» **Task to carry out**
Look below for the line with "6 Pockets Black" and the line with "Apocalypsis Noctis Final". Copy exactly those two lines and every line between, but not the pictures.
BEGIN Working data
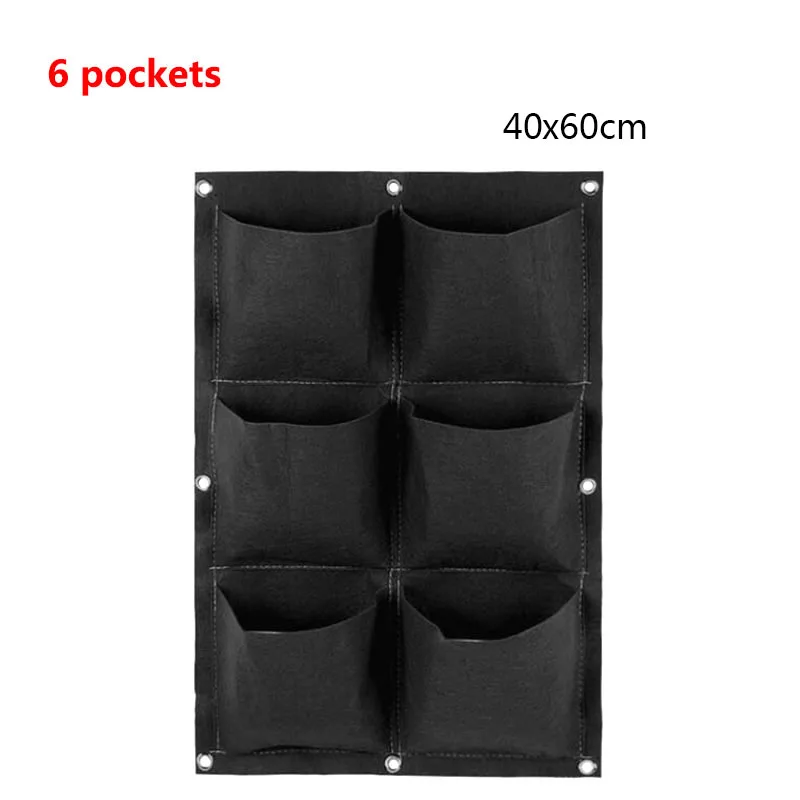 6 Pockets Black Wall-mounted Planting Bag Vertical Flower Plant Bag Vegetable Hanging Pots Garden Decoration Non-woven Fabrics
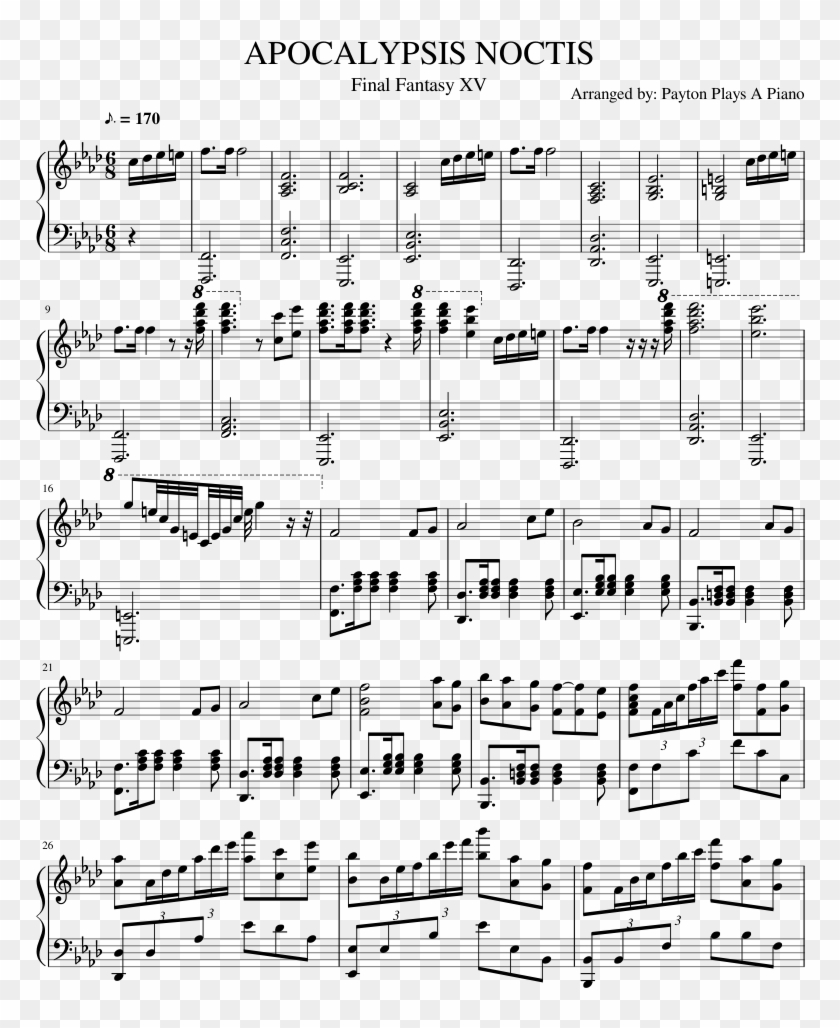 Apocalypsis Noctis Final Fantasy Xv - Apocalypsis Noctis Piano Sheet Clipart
END Working data
BEGIN Working data
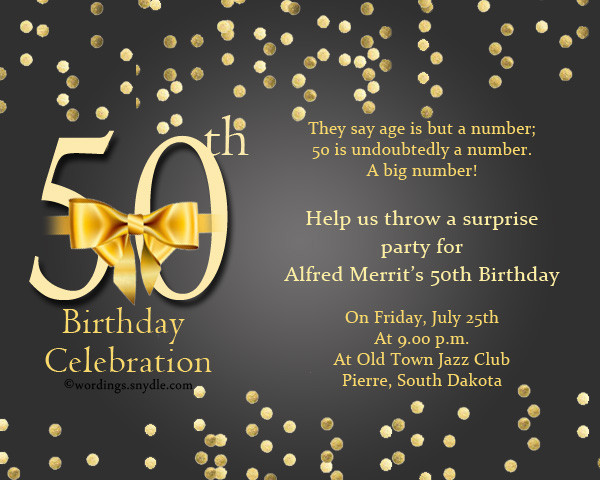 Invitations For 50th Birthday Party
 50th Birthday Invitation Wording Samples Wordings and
END Working data
BEGIN Working data
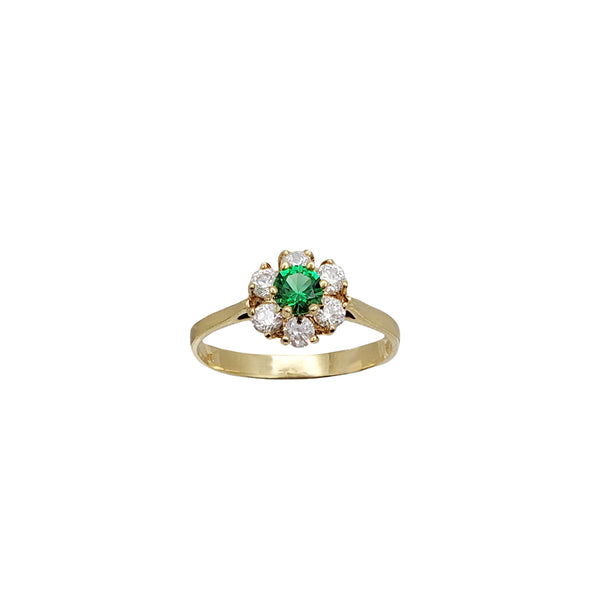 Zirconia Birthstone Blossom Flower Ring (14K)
END Working data
» **Response**
 6 Pockets Black Wall-mounted Planting Bag Vertical Flower Plant Bag Vegetable Hanging Pots Garden Decoration Non-woven Fabrics
 Apocalypsis Noctis Final Fantasy Xv - Apocalypsis Noctis Piano Sheet Clipart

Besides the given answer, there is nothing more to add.